§ EXERCISE AIM: Working from the records below, repeat exactly the lines starting at the line that contains "1876 F German" and ending at the line that contains "Jul 12, 2025;", inclusive.

§ DATA RECORDS:
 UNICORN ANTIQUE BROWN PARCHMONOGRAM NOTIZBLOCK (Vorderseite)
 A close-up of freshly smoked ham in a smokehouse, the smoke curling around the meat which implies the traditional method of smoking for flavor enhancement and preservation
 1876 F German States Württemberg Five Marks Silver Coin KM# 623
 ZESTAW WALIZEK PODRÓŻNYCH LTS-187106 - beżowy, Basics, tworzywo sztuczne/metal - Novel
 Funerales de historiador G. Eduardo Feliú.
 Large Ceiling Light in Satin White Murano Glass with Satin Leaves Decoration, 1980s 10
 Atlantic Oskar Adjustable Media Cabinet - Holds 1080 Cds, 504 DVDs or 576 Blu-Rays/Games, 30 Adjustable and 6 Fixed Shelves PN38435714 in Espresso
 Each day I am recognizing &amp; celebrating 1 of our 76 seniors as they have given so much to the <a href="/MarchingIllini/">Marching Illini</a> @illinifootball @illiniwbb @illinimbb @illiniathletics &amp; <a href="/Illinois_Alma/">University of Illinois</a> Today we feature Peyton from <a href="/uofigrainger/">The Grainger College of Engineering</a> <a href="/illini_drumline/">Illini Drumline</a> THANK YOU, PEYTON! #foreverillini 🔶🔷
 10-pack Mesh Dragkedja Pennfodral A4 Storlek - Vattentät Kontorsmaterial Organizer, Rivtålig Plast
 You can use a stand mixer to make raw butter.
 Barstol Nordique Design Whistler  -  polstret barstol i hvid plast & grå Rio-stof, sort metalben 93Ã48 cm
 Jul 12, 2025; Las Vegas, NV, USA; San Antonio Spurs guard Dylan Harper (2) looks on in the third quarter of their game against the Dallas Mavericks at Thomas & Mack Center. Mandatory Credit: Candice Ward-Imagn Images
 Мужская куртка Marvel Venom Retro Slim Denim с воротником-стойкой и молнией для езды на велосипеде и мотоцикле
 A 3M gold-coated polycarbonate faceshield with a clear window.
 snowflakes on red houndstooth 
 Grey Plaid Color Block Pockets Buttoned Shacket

§ RESULT OF THE EXERCISE:
 1876 F German States Württemberg Five Marks Silver Coin KM# 623
 ZESTAW WALIZEK PODRÓŻNYCH LTS-187106 - beżowy, Basics, tworzywo sztuczne/metal - Novel
 Funerales de historiador G. Eduardo Feliú.
 Large Ceiling Light in Satin White Murano Glass with Satin Leaves Decoration, 1980s 10
 Atlantic Oskar Adjustable Media Cabinet - Holds 1080 Cds, 504 DVDs or 576 Blu-Rays/Games, 30 Adjustable and 6 Fixed Shelves PN38435714 in Espresso
 Each day I am recognizing &amp; celebrating 1 of our 76 seniors as they have given so much to the <a href="/MarchingIllini/">Marching Illini</a> @illinifootball @illiniwbb @illinimbb @illiniathletics &amp; <a href="/Illinois_Alma/">University of Illinois</a> Today we feature Peyton from <a href="/uofigrainger/">The Grainger College of Engineering</a> <a href="/illini_drumline/">Illini Drumline</a> THANK YOU, PEYTON! #foreverillini 🔶🔷
 10-pack Mesh Dragkedja Pennfodral A4 Storlek - Vattentät Kontorsmaterial Organizer, Rivtålig Plast
 You can use a stand mixer to make raw butter.
 Barstol Nordique Design Whistler  -  polstret barstol i hvid plast & grå Rio-stof, sort metalben 93Ã48 cm
 Jul 12, 2025; Las Vegas, NV, USA; San Antonio Spurs guard Dylan Harper (2) looks on in the third quarter of their game against the Dallas Mavericks at Thomas & Mack Center. Mandatory Credit: Candice Ward-Imagn Images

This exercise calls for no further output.